[EXERCISE PROMPT]: Your answer is the lines below, exactly, from the one that contains "Compresseur, climatisation NISSENS" through the one that contains "DAZLE ZIDNA LAMPA G9/5W/CRNA", both included.

[EXTRACTED MATERIAL]:
________
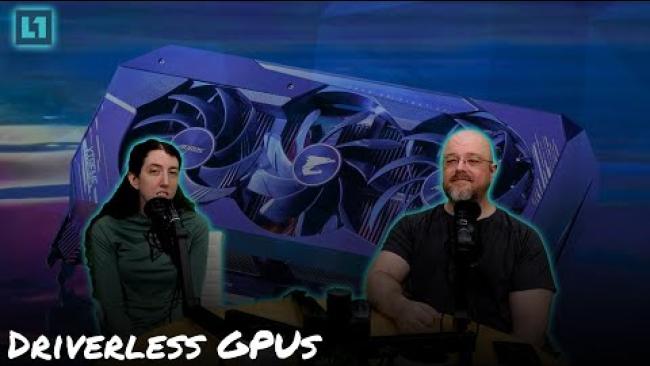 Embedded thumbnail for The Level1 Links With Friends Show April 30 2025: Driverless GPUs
________
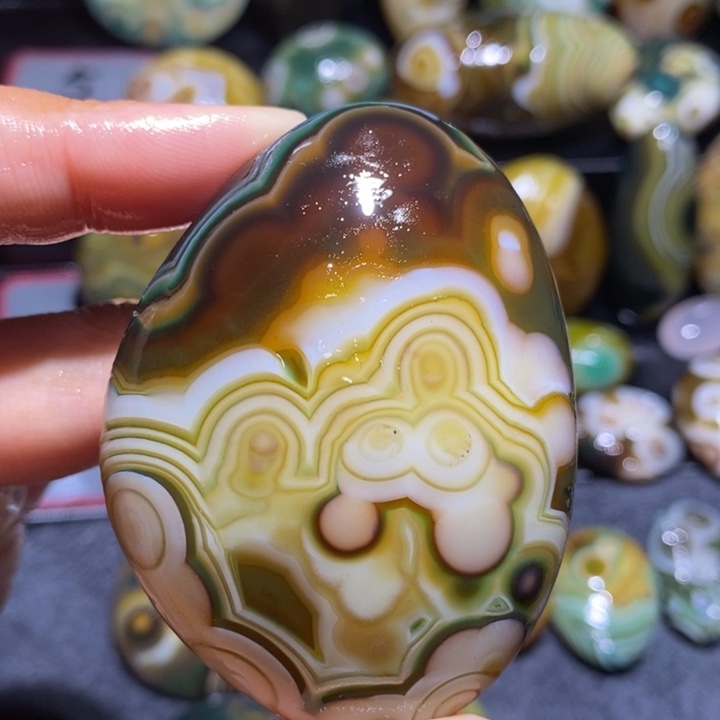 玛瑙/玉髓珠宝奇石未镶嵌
________
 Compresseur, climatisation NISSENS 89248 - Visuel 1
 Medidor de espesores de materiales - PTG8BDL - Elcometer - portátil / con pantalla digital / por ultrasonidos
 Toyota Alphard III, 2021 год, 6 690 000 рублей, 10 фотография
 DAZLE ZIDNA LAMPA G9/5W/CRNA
________
[REPLY TO THE EXERCISE]:
 Compresseur, climatisation NISSENS 89248 - Visuel 1
 Medidor de espesores de materiales - PTG8BDL - Elcometer - portátil / con pantalla digital / por ultrasonidos
 Toyota Alphard III, 2021 год, 6 690 000 рублей, 10 фотография
 DAZLE ZIDNA LAMPA G9/5W/CRNA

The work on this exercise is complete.